Als ich Twitterati nach anderen Baumwollmarken als FabIndia fragte, war die Auswahl wirklich begrenzt. Diejenigen, die den Khadi Ashram vorgeschlagen haben, haben ihn nie wirklich besucht. Dies ließ mich über die fehlende Baumwolle und ihren Weg nachdenken, von bescheiden und allgegenwärtig zu Premium und Elite.
Diese zunächst bescheidene Baumwolle ist eng mit der Geschäftsgeschichte Indiens verbunden. Mit seinem Reichtum an Baumwollexporten beherrschte Indien viele Jahrhunderte lang die Welt. Wir waren nicht nur gut darin, qualitativ hochwertige Baumwolle herzustellen, wir waren auch Erfinder und experimentierten mit der Weberei. Wir haben herausgefunden, wie man dem Stoff Farbe verleiht und so die Anzahl der Produkte vervielfacht, die mit demselben Grundstoff verkauft werden. Eine unserer wichtigsten Innovationen war das Hinzufügen von Farben, die nicht verlaufen – und die Welt war verrückt nach unseren Stoffen. Städte wie Masulipatnam, Dhaka, Calicut und Kashi entwickelten sich zu großen Zentren der Baumwollweberei.

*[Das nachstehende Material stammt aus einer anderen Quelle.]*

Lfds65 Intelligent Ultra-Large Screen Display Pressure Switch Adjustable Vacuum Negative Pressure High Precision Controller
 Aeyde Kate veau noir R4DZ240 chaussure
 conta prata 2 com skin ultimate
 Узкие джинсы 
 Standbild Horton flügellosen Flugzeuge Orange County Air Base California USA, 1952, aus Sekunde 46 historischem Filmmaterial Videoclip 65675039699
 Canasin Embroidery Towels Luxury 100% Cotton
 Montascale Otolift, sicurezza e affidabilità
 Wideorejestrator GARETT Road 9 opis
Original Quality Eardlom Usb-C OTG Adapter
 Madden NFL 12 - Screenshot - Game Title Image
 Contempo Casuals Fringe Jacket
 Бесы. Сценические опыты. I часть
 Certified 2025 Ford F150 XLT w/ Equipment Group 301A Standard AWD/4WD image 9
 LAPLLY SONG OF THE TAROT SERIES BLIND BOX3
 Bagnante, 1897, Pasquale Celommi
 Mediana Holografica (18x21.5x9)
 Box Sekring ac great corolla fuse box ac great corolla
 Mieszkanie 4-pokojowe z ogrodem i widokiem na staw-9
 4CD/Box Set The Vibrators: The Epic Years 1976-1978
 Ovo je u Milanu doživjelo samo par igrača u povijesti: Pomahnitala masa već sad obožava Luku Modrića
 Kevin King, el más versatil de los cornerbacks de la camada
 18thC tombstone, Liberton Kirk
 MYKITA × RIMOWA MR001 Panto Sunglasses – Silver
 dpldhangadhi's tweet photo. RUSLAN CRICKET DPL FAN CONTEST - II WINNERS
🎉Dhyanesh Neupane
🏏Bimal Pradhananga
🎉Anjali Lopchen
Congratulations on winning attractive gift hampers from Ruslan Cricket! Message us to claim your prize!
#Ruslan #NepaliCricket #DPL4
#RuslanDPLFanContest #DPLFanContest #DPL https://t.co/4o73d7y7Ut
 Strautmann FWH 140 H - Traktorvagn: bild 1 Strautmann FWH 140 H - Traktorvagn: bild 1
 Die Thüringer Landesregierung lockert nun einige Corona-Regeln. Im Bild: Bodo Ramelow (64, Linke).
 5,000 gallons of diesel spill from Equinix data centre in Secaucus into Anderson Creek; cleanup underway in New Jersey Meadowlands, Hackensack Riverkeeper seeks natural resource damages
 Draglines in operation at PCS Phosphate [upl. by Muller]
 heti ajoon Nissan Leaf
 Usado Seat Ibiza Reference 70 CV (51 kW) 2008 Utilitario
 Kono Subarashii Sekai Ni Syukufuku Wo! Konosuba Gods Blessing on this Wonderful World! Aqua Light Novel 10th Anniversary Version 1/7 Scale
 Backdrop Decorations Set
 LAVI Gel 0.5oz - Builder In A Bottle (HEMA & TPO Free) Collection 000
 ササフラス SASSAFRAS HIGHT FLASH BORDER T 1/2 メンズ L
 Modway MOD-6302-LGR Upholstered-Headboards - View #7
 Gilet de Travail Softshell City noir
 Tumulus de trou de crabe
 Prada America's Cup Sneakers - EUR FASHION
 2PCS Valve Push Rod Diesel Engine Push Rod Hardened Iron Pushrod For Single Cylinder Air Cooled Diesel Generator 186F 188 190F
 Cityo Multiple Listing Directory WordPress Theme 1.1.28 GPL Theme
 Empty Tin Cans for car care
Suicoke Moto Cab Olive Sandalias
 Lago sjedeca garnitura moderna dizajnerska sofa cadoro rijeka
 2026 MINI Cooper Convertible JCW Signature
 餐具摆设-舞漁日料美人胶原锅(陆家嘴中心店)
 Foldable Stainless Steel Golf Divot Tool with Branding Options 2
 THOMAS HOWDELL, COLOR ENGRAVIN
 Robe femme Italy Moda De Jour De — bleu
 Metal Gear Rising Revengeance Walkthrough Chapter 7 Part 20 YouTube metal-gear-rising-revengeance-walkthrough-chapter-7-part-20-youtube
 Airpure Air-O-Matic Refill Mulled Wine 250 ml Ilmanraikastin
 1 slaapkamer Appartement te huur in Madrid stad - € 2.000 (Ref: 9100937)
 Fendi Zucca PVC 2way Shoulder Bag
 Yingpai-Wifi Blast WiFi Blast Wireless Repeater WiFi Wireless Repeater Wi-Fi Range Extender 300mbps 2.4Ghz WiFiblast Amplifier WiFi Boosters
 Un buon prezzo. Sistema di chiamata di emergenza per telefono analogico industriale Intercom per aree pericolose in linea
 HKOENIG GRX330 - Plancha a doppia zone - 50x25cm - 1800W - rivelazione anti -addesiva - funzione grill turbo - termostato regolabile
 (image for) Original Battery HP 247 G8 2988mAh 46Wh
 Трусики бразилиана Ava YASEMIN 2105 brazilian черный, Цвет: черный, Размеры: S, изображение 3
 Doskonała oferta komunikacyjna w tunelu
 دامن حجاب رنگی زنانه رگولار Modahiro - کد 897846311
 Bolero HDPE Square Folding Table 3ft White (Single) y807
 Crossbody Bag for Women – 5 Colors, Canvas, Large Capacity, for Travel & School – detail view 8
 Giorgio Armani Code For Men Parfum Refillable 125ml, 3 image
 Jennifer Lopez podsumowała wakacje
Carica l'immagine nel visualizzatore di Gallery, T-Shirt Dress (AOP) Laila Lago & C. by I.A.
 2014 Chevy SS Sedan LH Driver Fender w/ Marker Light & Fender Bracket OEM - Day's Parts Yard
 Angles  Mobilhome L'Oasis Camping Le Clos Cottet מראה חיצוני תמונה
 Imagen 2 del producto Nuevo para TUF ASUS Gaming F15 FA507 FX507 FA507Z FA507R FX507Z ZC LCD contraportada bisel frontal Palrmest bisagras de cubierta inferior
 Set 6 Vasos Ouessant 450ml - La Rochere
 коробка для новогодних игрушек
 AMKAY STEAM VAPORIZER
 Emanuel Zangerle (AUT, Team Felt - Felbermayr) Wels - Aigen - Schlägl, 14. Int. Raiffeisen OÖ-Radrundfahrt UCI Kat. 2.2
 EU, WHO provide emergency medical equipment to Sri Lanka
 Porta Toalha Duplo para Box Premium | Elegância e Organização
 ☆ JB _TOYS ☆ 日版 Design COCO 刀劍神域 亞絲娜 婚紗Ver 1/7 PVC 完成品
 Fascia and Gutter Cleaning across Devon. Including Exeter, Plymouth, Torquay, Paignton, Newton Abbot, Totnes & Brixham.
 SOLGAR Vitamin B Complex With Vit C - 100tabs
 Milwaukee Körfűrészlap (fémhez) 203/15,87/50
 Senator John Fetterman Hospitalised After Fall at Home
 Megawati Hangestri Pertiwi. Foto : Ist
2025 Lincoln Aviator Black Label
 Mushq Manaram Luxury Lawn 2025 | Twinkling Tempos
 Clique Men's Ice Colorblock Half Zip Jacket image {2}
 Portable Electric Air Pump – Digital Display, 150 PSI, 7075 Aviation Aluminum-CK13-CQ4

In Museen in Südostasien kann man Ausstellungen des Ikat-Stoffs sehen, der mit Pflanzenfarben und Kräutern wie Kurkuma gefärbt wurde. Anekdoten besagen, dass in diese Stoffe Heilkräuter eingebettet waren und dass diejenigen, die krank wurden, in sie gehüllt wurden, um zu heilen.
Dann brach das Industriezeitalter herein und versetzte unserer einheimischen, kleinen und nachhaltigen Industrie einen schweren Schlag – Textilfabriken waren die ersten, die mechanisiert wurden.
Obwohl synthetische Stoffe aufgrund ihrer geringen Kosten, des geringeren Wartungsaufwands und ihres modischen Aussehens allmählich unsere Regale besetzten, sorgten Khadi-Ashrams und die lokale Produktion dafür, dass der Nachschub an Baumwolle lief.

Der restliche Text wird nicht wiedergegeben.